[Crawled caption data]

▬▬▬

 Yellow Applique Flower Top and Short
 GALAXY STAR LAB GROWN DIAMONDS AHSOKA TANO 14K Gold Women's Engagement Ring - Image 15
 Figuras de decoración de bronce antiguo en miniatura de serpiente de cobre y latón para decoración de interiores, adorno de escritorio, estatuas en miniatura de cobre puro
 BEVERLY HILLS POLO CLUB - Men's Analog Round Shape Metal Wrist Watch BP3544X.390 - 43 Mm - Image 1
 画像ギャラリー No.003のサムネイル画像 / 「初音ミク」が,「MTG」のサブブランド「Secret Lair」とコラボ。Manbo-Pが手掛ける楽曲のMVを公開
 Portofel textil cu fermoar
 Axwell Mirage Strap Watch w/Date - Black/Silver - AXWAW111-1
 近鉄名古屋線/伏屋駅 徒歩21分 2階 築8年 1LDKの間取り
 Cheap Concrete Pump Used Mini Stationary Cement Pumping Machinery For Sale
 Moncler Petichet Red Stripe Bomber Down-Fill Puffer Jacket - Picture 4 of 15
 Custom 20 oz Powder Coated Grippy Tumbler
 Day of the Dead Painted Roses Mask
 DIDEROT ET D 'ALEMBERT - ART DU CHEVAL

▬▬▬

How many of the lines above include the string "Image"? Give only the number.

■ **Result of this exercise**: 2